• _Work request_: In the listing below, locate the line containing "Eative 3d three" and copy it and every line after it through the end, exactly as written, leaving out any pictures.

• _Task inputs_:
━━━━━━━━━━
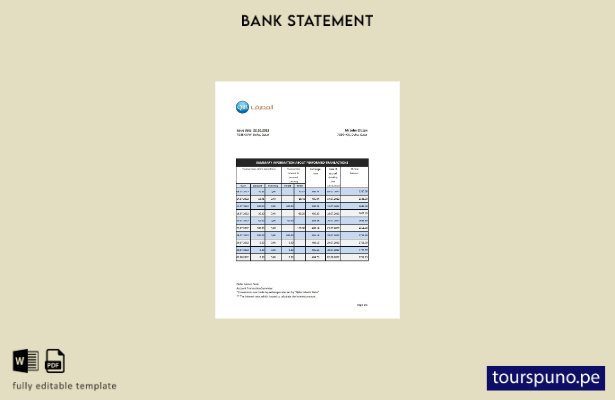 listo para imprimir Plantilla de Excel de extracto bancario islámico de Qatar Qa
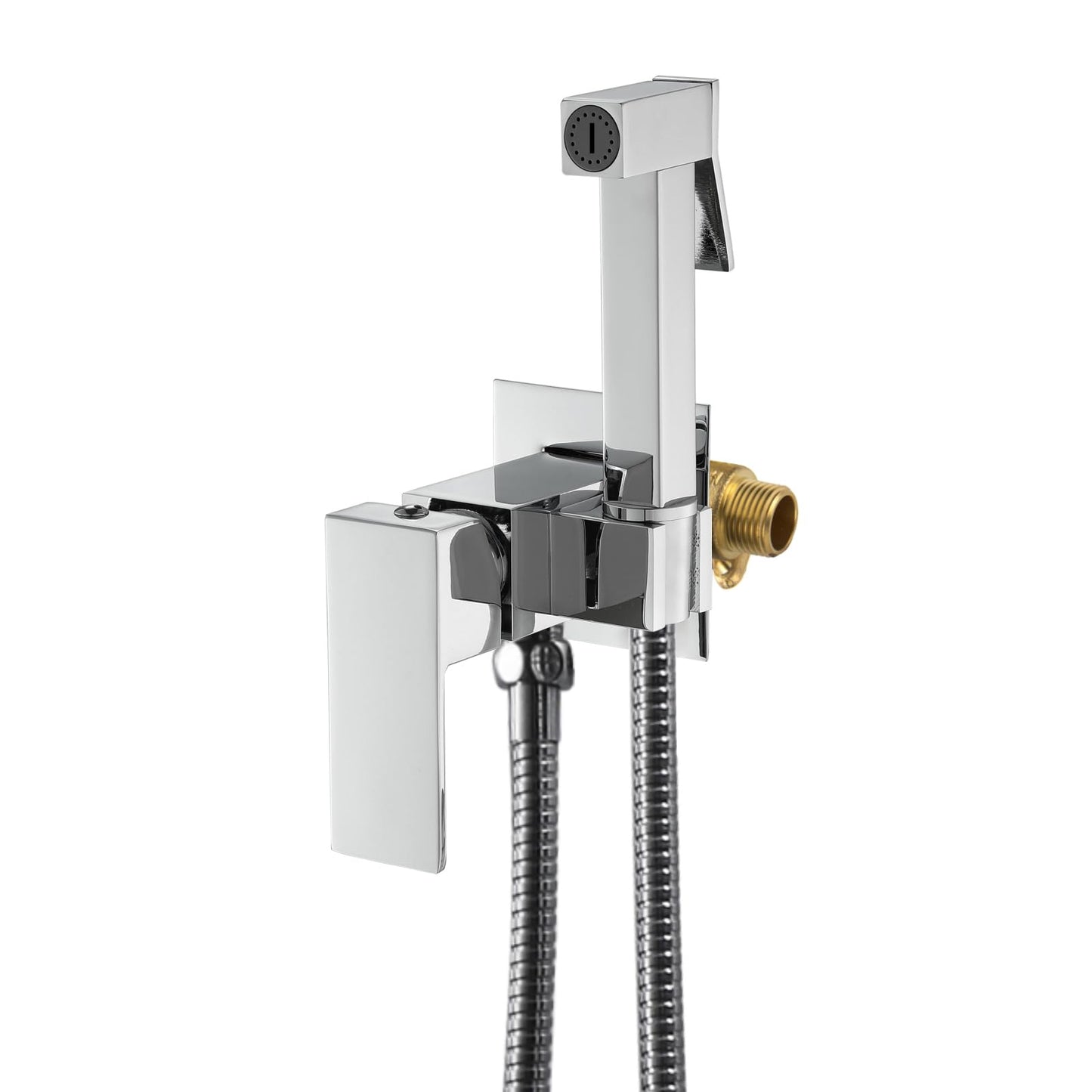Kit Douchette WC, Laiton Douchette Toilette WC Mural Pulvérisateur de Bidet Eau Froide et Eau Chaude Toilette Bidet Spray avec 1.5m Tuyau (Chrome)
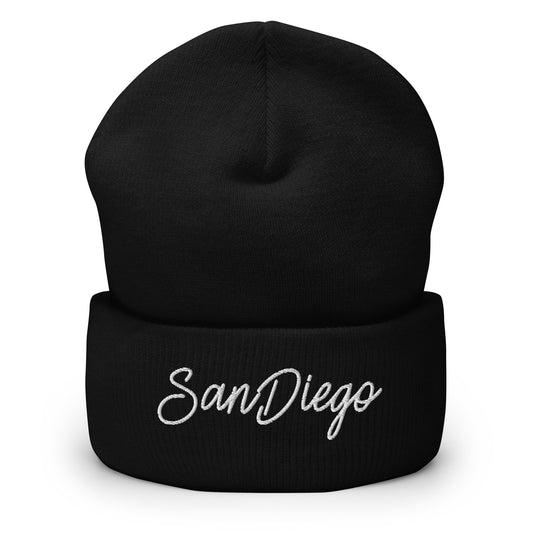 San Diego Retro Script Cuffed Beanie Hat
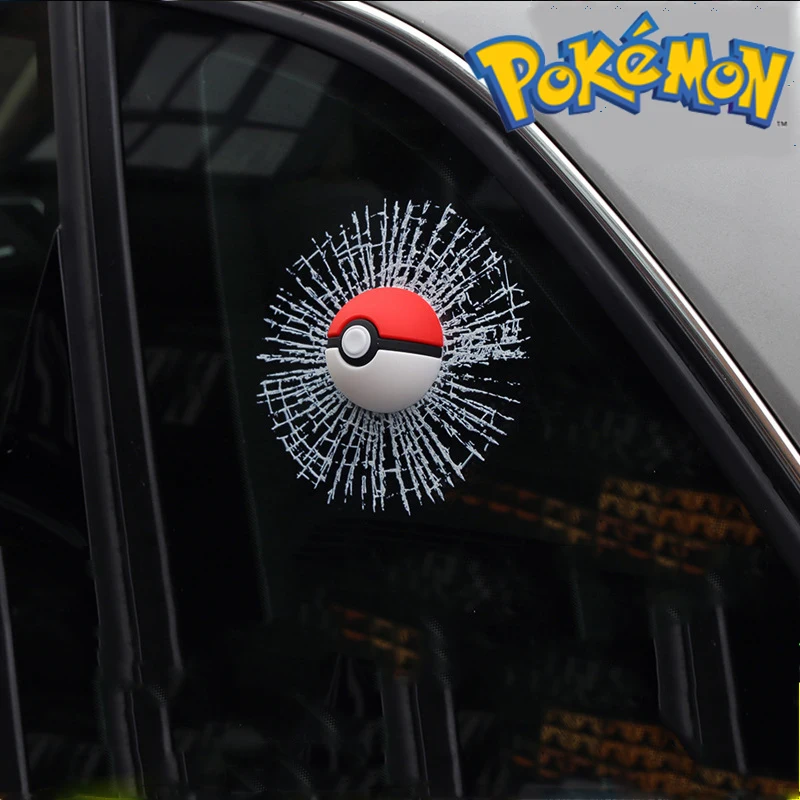 Eative 3d three dimensional pokeball broken glass effect easy to tear car stickers body thumb200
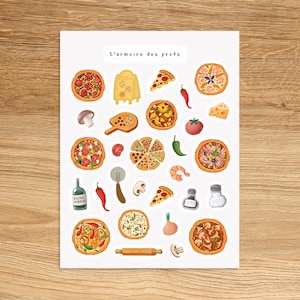 PIZZA Sticker Sheet, Süße Food Sticker für Planer, Fast Food Sticker für Journale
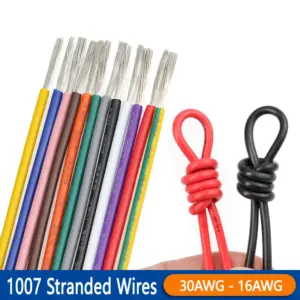 20/50m Multi-Stranded 1007 Electric Wire 30 28 26 24 22 20 18 16 AWG PVC Insulation Tinned Copper Cable 300V DIY LED Lamp Line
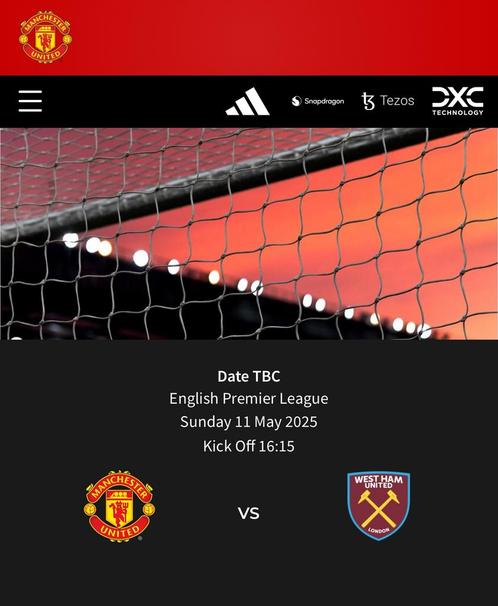 2 tickets voor Man United-West Ham United op 11 mei, Tickets en Kaartjes, Sport | Voetbal, Twee personen, Mei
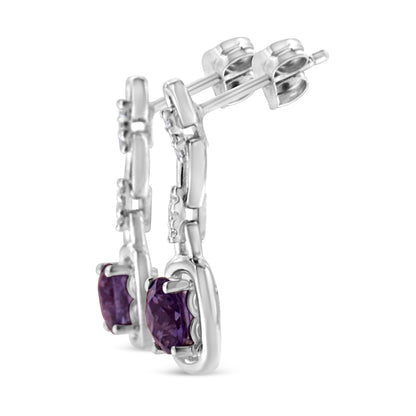 .925 Sterling Silver 6x6MM Cushion Shaped Natural Purple Amethyst and Diamond Accent Drop and Dangle Earrings (I-J Color, I1-I2 Clarity) Bids.com
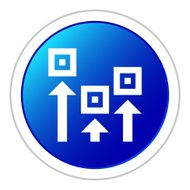 Logistics icon on a round button - Sticker Series N11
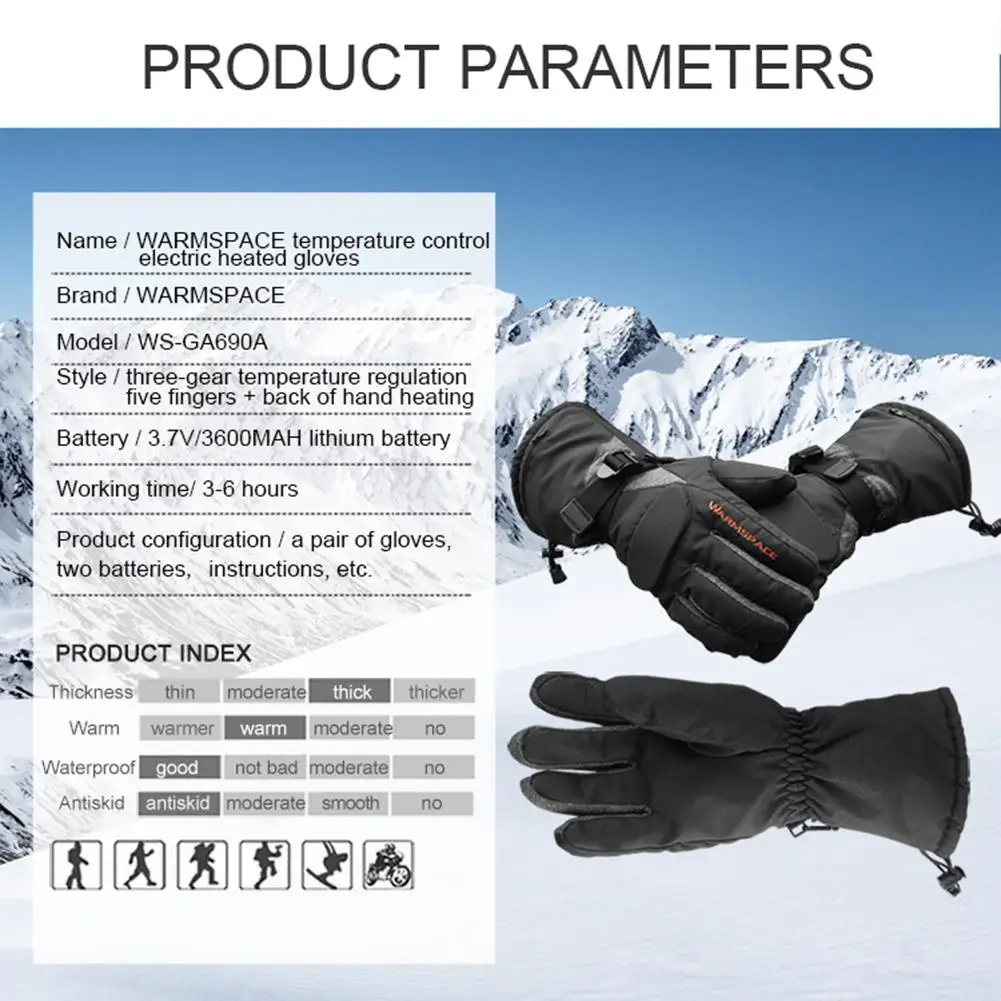 Перчатки с подогревом для езды на Батарея приведенный в действие Водонепроницаемый Термальность перчатки теплые перчатки для сенсорного экрана лыжные перчатки зимние велосипедные перчатки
━━━━━━━━━━
• _Answer for this exercise_:
 Eative 3d three dimensional pokeball broken glass effect easy to tear car stickers body thumb200
 PIZZA Sticker Sheet, Süße Food Sticker für Planer, Fast Food Sticker für Journale
 20/50m Multi-Stranded 1007 Electric Wire 30 28 26 24 22 20 18 16 AWG PVC Insulation Tinned Copper Cable 300V DIY LED Lamp Line
 2 tickets voor Man United-West Ham United op 11 mei, Tickets en Kaartjes, Sport | Voetbal, Twee personen, Mei
 .925 Sterling Silver 6x6MM Cushion Shaped Natural Purple Amethyst and Diamond Accent Drop and Dangle Earrings (I-J Color, I1-I2 Clarity) Bids.com
 Logistics icon on a round button - Sticker Series N11
 Перчатки с подогревом для езды на Батарея приведенный в действие Водонепроницаемый Термальность перчатки теплые перчатки для сенсорного экрана лыжные перчатки зимние велосипедные перчатки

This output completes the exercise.